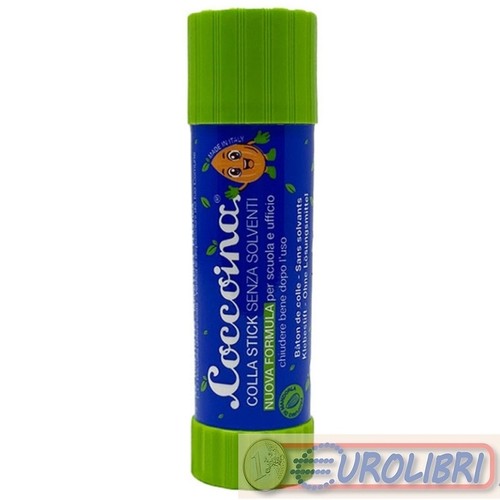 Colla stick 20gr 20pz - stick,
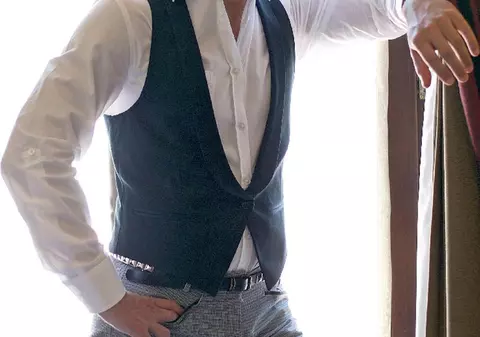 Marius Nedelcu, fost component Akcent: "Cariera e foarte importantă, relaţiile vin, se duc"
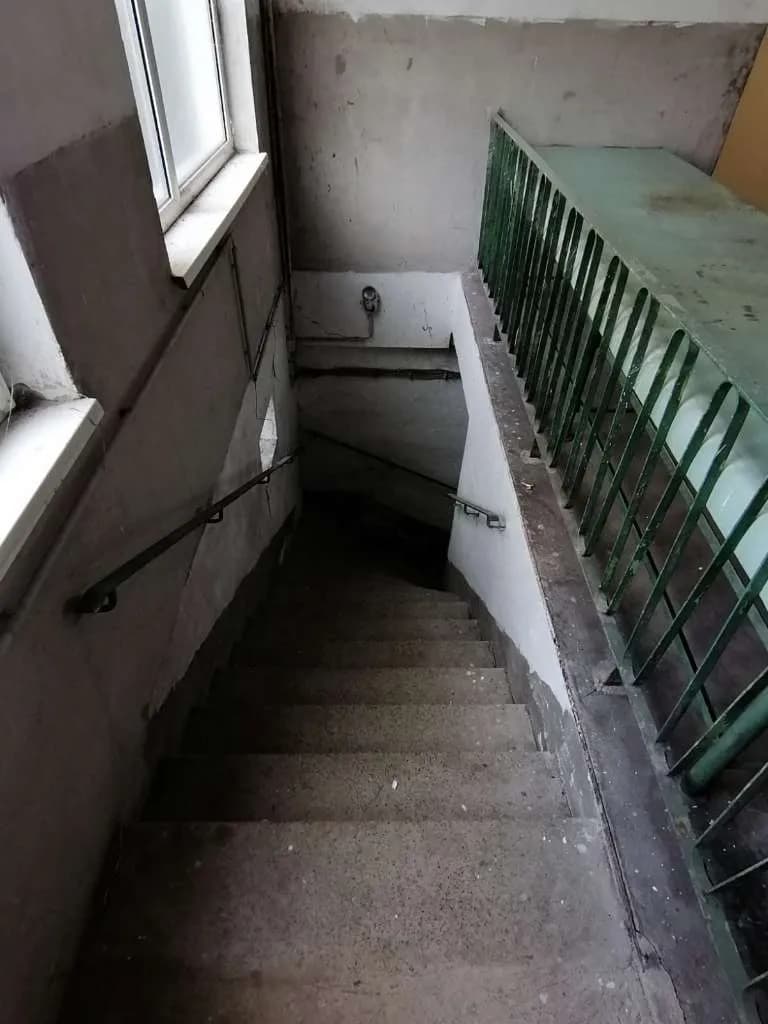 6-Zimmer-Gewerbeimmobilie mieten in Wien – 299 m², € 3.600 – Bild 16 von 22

───

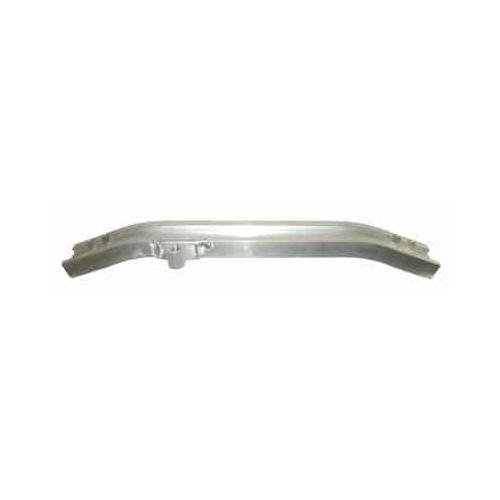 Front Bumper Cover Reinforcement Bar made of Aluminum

───

→ **Work required**: Look back at the data above, then output exactly the lines from the line holding "Colla stick 20gr" up to and including the line holding "6-Zimmer-Gewerbeimmobilie mieten in". Leave out the pictures.

→ **Output**:
 Colla stick 20gr 20pz - stick,
 Marius Nedelcu, fost component Akcent: "Cariera e foarte importantă, relaţiile vin, se duc"
 6-Zimmer-Gewerbeimmobilie mieten in Wien – 299 m², € 3.600 – Bild 16 von 22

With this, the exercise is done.